## What this task involves
Reproduce every line of the material below exactly. No pictures belong in the copy.

## Data section
☆ ☆ ☆
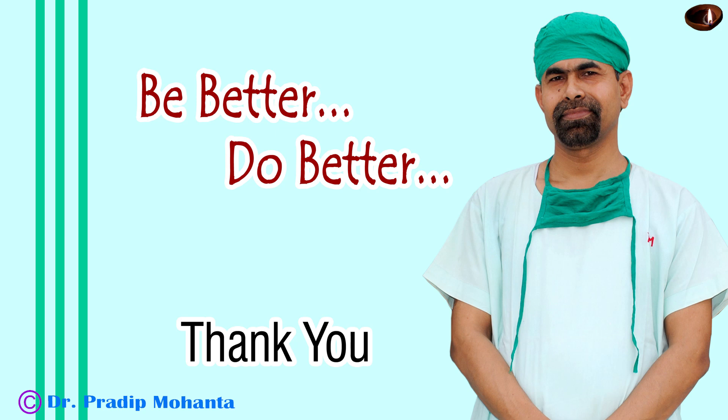Thank you very much for your attention. This patient did very well in the post-operative period. Hope this video will help you in developing your surgical skills. Be a great surgeon and serve your patients with love, respect, empathy, and great surgical competence.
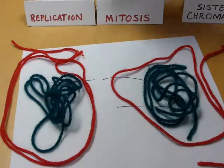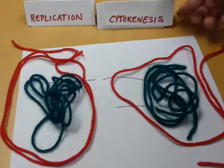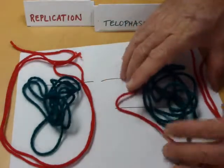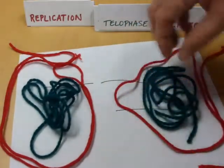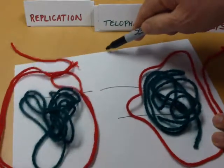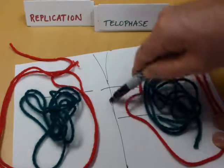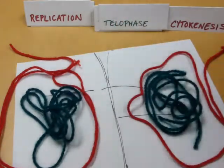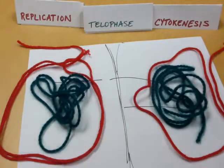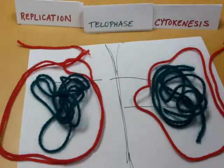I'm done with mitosis, but I don't have two cells yet. That's where cytokinesis comes in. A lot of times, cytokinesis happens at the same time as telophase — while the chromosomes are being uncondensed and circled up in a new nucleus, the cell itself starts pinching in at that membrane and pinches the cell in half. In plant cells, it forms a new cell wall. Now I actually have two cells, and that's the goal of mitosis: to make two cells just like the one I started with.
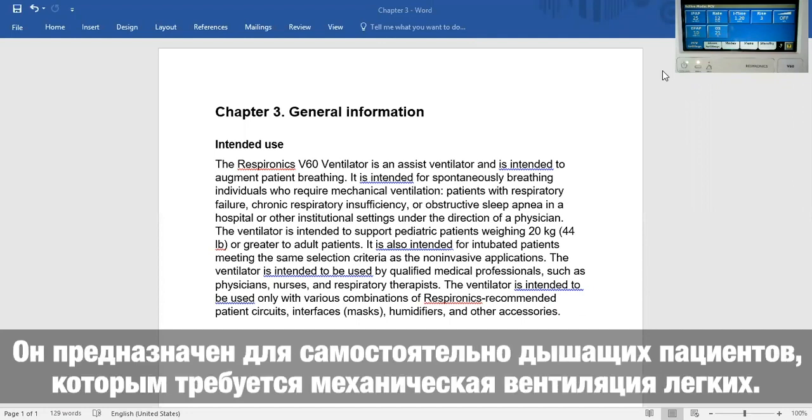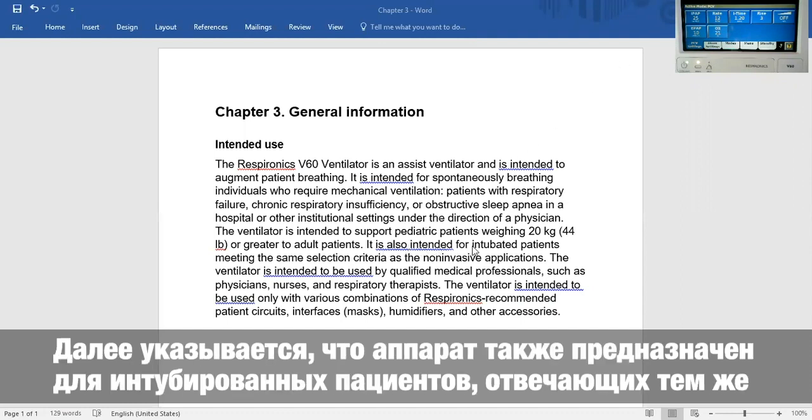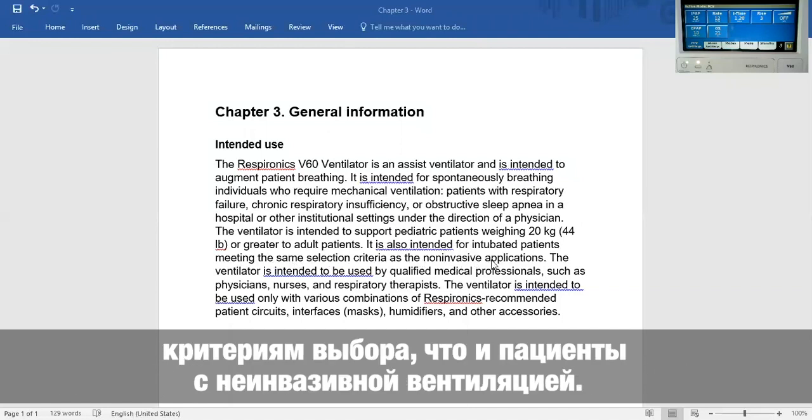It is intended for spontaneously breathing individuals who require mechanical ventilation. It is also intended for intubated patients meeting the same selection criteria as the non-invasive application.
☆ ☆ ☆
## Output for this task
Thank you very much for your attention. This patient did very well in the post-operative period. Hope this video will help you in developing your surgical skills. Be a great surgeon and serve your patients with love, respect, empathy, and great surgical competence.
I'm done with mitosis, but I don't have two cells yet. That's where cytokinesis comes in. A lot of times, cytokinesis happens at the same time as telophase — while the chromosomes are being uncondensed and circled up in a new nucleus, the cell itself starts pinching in at that membrane and pinches the cell in half. In plant cells, it forms a new cell wall. Now I actually have two cells, and that's the goal of mitosis: to make two cells just like the one I started with.
It is intended for spontaneously breathing individuals who require mechanical ventilation. It is also intended for intubated patients meeting the same selection criteria as the non-invasive application.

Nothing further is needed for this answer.